_What this task involves:_
Below are records to repeat exactly; copy them without the pictures.

_Entries provided:_
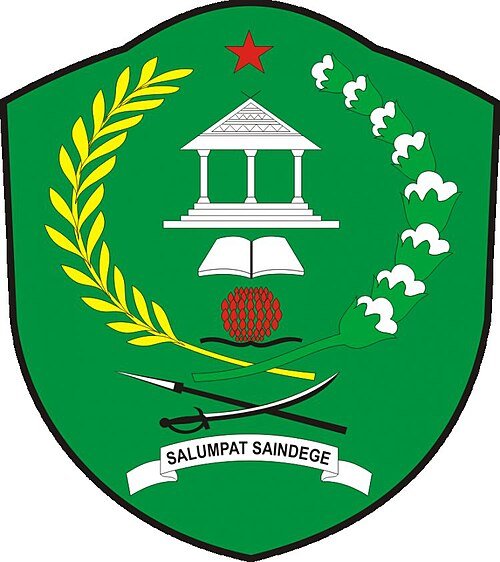 Desa Sigulang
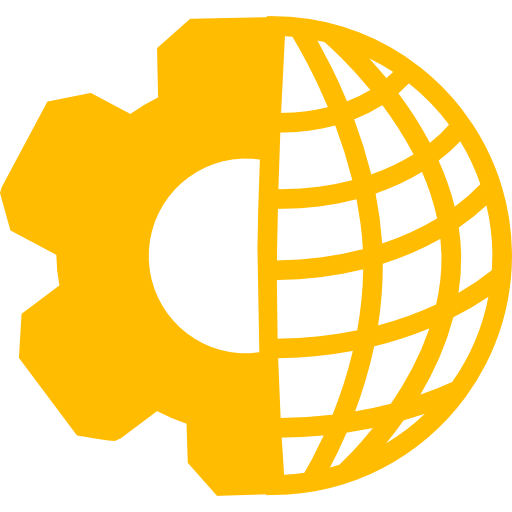 How It Works Managing Ecommerce Seo And Back Offi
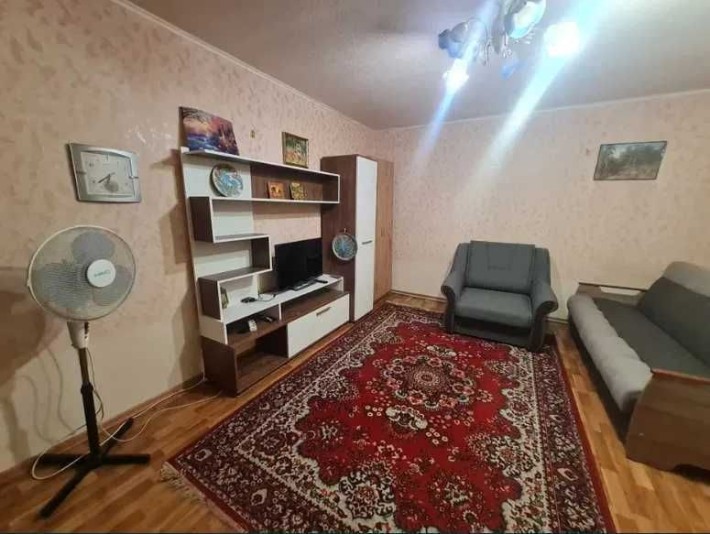 Сдам дом на ул Янтарной в районе Калиновой, Образцова - фото 1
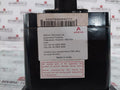 Areva Vajc11Zf8304Ach Control Relay, 220/230V Dc R.I.P. Rza 0005608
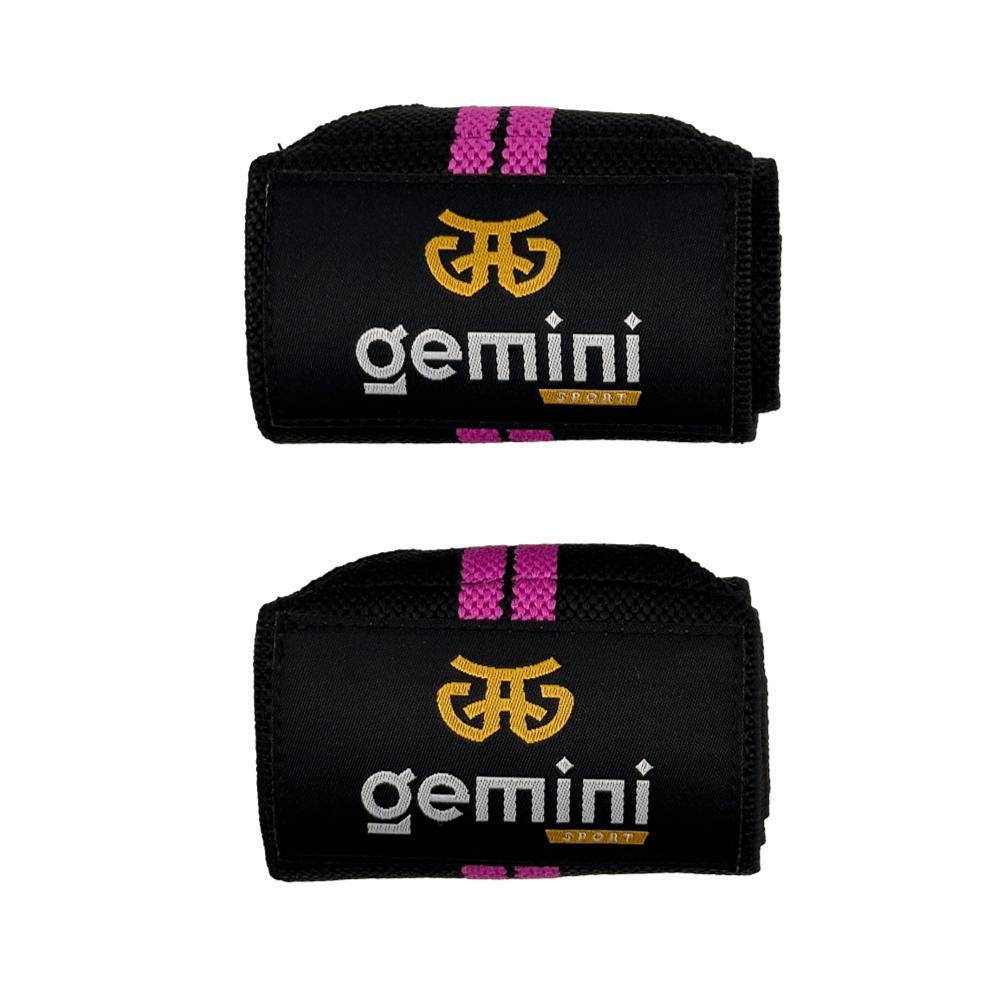 Gemini Sport variant image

_Output:_
 Desa Sigulang
 How It Works Managing Ecommerce Seo And Back Offi
 Сдам дом на ул Янтарной в районе Калиновой, Образцова - фото 1
 Areva Vajc11Zf8304Ach Control Relay, 220/230V Dc R.I.P. Rza 0005608
 Gemini Sport variant image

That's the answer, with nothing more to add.